Take advantage of elasticity

Last reviewed 2024-12-06 UTC

This principle in the performance optimization pillar of the Google Cloud Architecture Framework provides recommendations to help you incorporate elasticity, which is the ability to adjust resources dynamically based on changes in workload requirements.

Elasticity allows different components of a system to scale independently. This targeted scaling can help improve performance and cost efficiency by allocating resources precisely where they're needed, without over provisioning or under provisioning your resources.

Principle overview

The performance requirements of a system directly influence when and how the system scales vertically or scales horizontally. You need to evaluate the system's capacity and determine the load that the system is expected to handle at baseline. Then, you need to determine how you want the system to respond to increases and decreases in the load.

When the load increases, the system must scale out horizontally, scale up vertically, or both. For horizontal scaling, add replica nodes to ensure that the system has sufficient overall capacity to fulfill the increased demand. For vertical scaling, replace the application's existing components with components that contain more capacity, more memory, and more storage.

When the load decreases, the system must scale down (horizontally, vertically, or both).

Define the circumstances in which the system scales up or scales down. Plan to manually scale up systems for known periods of high traffic. Use tools like autoscaling, which responds to increases or decreases in the load.

Recommendations

To take advantage of elasticity, consider the recommendations in the following sections.

Plan for peak load periods

You need to plan an efficient scaling path for known events, such as expected periods of increased customer demand.

Consider scaling up your system ahead of known periods of high traffic. For example, if you're a retail organization, you expect demand to increase during seasonal sales. We recommend that you manually scale up or scale out your systems before those sales to ensure that your system can immediately handle the increased load or immediately adjust existing limits.
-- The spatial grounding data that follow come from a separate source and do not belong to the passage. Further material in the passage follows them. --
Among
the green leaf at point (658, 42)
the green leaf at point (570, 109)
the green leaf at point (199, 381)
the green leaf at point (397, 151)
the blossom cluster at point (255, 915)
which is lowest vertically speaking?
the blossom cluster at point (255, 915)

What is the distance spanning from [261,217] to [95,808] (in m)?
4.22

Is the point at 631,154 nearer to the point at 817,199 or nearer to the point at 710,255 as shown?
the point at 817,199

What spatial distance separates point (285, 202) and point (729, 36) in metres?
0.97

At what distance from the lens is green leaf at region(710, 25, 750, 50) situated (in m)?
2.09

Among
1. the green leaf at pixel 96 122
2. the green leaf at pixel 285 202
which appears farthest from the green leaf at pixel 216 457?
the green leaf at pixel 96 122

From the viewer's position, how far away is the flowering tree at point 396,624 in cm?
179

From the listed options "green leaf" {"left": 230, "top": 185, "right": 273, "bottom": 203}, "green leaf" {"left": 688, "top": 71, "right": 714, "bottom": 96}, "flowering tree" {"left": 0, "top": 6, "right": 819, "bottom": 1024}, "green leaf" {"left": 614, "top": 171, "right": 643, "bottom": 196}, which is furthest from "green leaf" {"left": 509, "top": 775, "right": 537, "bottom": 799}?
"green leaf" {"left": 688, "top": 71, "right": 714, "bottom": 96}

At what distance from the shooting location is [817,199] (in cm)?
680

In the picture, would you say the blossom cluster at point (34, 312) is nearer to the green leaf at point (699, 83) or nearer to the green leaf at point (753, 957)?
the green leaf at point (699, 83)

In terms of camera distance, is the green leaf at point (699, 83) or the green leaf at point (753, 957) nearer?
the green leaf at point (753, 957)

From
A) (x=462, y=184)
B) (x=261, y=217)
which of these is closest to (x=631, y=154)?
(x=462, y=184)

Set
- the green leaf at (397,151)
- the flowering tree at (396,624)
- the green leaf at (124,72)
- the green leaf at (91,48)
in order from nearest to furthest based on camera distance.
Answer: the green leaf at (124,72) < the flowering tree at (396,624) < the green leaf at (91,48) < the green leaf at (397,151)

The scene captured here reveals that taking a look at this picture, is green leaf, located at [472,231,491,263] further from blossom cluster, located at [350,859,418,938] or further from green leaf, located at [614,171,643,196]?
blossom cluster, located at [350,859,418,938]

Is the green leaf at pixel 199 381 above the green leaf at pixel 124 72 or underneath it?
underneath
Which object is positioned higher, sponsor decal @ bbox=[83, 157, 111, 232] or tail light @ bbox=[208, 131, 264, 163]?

Otherwise, the system might take several minutes to add resources in response to real-time changes. Your application's capacity might not increase quickly enough and cause some users to experience delays.

For unknown or unexpected events, such as a sudden surge in demand or traffic, you can use autoscaling features to trigger elastic scaling that's based on metrics. These metrics can include CPU utilization, load balancer serving capacity, latency, and even custom metrics that you define in Cloud Monitoring.

For example, consider an application that runs on a Compute Engine managed instance group (MIG). This application has a requirement that each instance performs optimally until the average CPU utilization reaches 75%. In this example, you might define an autoscaling policy that creates more instances when the CPU utilization reaches the threshold. These newly-created instances help absorb the load, which helps ensure that the average CPU utilization remains at an optimal rate until the maximum number of instances that you've configured for the MIG is reached. When the demand decreases, the autoscaling policy removes the instances that are no longer needed.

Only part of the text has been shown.